If there is an inherent limit to what any one Active could do, that would mitigate some of the squick, because then there are some mechanisms to safeguard them, rather than being completely at their client's mercy. Not much mitigation, but some...
there are enough mega-rich out there that it would seem logical for one to simply buyout one of the Actives for months if not years at a time.
I guess that depends on how expensive they are. They may be rare enough that only the mega-rich can afford to buy them for even short times.
Hrm...
A pilot is not wholly representative of a series, of course, but see how the first 'client' is portrayed, how he is dressed, the environments he is seen in and so on. I can buy that character is an Internet millionaire (hell, considering some of the character cues, I would even consider it likely) but a billionaire on the level of Gates? Probably not.
But this is off what, 90 seconds of footage that may not survive to broadcast? Who knows. (Well, some people know but that is not the point...)
It finally clicked this afternoon why the premise of the show was so familiar to me - the same thing happened to Molly in Neuromancer.
(The trailer is off YouTube but there are a bazillion copies out there already if you google "Dollhouse trailer." I found one here.)
Right now I can't tell what I think. The line that pings me the hardest is "It's cutting edge science in a house full of hot chicks!" It's one of those classic Jossy "I get a pass on this because I'm a feminist and it's therefore all ironic and shit, right?" lines that tends to make me wince.
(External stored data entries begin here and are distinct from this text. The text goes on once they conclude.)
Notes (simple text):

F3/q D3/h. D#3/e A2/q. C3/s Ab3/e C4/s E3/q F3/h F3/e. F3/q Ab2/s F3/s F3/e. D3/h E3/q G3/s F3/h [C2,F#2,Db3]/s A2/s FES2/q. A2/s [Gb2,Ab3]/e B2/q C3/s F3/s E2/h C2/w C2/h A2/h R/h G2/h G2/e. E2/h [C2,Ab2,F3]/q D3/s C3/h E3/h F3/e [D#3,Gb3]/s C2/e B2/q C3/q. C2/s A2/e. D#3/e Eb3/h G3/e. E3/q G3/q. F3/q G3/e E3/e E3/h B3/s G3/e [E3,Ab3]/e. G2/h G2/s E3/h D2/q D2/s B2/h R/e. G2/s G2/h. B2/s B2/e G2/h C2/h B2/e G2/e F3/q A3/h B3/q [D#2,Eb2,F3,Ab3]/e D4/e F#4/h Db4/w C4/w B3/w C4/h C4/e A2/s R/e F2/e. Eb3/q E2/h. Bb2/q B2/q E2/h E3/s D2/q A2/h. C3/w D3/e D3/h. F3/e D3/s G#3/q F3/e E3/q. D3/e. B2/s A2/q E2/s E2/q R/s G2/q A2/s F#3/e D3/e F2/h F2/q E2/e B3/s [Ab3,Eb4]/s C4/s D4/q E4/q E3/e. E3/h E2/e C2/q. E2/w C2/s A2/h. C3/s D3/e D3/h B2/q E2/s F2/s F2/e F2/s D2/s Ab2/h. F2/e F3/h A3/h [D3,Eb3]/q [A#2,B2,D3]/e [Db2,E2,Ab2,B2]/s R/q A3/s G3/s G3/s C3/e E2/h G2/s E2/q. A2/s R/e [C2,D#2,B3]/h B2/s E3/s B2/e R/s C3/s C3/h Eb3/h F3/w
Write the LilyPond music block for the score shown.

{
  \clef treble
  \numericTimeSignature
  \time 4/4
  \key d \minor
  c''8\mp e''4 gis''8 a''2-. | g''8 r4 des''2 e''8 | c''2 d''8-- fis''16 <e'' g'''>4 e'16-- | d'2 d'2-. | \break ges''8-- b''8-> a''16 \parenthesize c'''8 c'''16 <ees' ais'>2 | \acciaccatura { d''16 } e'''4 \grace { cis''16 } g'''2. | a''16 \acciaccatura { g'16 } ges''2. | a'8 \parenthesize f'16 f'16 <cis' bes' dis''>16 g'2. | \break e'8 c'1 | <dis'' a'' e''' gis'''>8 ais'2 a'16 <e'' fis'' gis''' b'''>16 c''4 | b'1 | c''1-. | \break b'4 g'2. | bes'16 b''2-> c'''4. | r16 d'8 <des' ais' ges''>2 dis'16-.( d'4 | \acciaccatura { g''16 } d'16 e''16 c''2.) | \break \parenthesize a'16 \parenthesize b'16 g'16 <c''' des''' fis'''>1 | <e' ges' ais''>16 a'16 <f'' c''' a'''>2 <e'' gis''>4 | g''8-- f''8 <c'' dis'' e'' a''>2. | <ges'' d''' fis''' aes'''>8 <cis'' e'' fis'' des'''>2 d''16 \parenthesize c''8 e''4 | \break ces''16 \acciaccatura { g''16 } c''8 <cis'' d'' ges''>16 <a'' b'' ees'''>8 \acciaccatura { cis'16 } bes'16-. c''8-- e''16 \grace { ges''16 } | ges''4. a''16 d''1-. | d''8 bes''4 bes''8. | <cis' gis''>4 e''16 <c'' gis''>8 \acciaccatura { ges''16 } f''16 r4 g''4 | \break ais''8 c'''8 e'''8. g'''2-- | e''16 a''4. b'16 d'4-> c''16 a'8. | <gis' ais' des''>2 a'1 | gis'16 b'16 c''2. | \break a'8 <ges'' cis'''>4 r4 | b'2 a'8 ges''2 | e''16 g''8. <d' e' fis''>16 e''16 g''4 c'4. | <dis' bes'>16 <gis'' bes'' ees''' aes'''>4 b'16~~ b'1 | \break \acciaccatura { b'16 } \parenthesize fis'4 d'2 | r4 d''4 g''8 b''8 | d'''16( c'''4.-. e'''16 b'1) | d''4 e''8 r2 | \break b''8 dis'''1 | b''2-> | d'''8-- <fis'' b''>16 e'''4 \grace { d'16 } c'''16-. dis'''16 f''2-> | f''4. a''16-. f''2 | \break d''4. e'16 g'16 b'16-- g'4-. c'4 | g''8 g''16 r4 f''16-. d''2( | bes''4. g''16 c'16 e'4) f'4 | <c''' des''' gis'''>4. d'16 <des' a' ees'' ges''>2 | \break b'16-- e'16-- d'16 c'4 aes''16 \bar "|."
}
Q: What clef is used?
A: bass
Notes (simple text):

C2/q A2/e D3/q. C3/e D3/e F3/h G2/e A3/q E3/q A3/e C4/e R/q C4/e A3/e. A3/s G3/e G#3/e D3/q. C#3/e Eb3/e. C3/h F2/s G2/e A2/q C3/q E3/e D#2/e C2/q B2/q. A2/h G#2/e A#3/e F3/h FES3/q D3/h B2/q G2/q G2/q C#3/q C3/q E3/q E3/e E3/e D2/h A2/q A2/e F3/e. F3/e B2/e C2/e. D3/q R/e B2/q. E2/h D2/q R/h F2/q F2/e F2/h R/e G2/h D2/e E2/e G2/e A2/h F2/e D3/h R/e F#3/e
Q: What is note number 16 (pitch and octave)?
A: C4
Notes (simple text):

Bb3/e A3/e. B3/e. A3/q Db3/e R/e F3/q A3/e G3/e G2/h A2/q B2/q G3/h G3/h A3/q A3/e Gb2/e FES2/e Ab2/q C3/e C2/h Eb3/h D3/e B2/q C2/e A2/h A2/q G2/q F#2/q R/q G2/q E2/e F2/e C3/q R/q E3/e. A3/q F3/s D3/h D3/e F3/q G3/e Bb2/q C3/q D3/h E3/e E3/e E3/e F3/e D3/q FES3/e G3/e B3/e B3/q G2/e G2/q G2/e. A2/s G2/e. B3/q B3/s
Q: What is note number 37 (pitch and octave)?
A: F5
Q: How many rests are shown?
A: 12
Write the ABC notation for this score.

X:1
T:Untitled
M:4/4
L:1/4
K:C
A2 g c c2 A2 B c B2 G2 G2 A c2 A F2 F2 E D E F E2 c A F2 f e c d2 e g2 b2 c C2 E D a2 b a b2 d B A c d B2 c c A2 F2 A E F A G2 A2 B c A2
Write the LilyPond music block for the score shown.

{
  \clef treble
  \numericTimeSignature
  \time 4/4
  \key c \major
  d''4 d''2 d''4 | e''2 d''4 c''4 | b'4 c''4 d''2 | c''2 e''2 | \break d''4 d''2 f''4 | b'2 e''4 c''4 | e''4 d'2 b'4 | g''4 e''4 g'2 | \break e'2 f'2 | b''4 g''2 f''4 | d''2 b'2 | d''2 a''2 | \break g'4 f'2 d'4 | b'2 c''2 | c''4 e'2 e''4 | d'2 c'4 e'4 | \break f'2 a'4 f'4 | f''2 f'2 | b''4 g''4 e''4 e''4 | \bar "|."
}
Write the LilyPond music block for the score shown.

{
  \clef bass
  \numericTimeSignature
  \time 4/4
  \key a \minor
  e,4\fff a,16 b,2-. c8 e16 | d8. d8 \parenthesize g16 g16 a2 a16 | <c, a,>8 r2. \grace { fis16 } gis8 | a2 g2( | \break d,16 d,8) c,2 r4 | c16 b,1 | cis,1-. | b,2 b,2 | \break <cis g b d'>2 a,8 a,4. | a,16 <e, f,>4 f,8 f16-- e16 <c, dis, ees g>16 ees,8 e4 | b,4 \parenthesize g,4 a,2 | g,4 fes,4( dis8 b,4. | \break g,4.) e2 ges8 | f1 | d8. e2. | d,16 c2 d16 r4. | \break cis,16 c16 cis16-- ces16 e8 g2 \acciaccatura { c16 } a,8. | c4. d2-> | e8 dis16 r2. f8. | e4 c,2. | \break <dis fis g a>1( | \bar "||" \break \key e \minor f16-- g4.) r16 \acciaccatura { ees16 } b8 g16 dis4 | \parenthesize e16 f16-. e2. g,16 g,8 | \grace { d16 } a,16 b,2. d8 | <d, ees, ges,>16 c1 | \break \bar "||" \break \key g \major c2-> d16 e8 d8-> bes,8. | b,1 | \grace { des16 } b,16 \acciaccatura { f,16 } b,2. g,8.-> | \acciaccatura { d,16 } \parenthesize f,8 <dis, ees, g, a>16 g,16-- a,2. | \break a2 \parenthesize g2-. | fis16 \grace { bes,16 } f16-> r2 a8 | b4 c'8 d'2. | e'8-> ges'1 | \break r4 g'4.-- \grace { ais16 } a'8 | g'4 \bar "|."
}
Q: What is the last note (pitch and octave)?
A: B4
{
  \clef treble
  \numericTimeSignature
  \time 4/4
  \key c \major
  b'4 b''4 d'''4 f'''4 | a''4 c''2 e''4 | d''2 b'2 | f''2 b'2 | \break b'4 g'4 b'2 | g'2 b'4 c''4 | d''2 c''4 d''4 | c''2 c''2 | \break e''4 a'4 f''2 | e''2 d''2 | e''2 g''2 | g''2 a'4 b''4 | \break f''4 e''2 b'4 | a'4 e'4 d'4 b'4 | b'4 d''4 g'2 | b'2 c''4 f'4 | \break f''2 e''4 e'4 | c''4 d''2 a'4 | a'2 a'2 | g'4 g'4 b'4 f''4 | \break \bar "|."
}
And yeah, my take on the "they volunteered" aspect is that when you "volunteer" to have your memory wiped, it doesn't really matter what else it said on the contract at the time. You'd never know the difference. Is it not rape if you agreed to take the roofies?
I'm very happy to see Tahmoh Penikett playing one of the good guys. I don't think I could take evil Helo.
If there is an inherent limit to what any one Active could do, that would mitigate some of the squick
Not really, because it's the mind-wipey that bothers me, regardless of what the Actives are hired to do, or for how long.
"It's cutting edge science in a house full of hot chicks!"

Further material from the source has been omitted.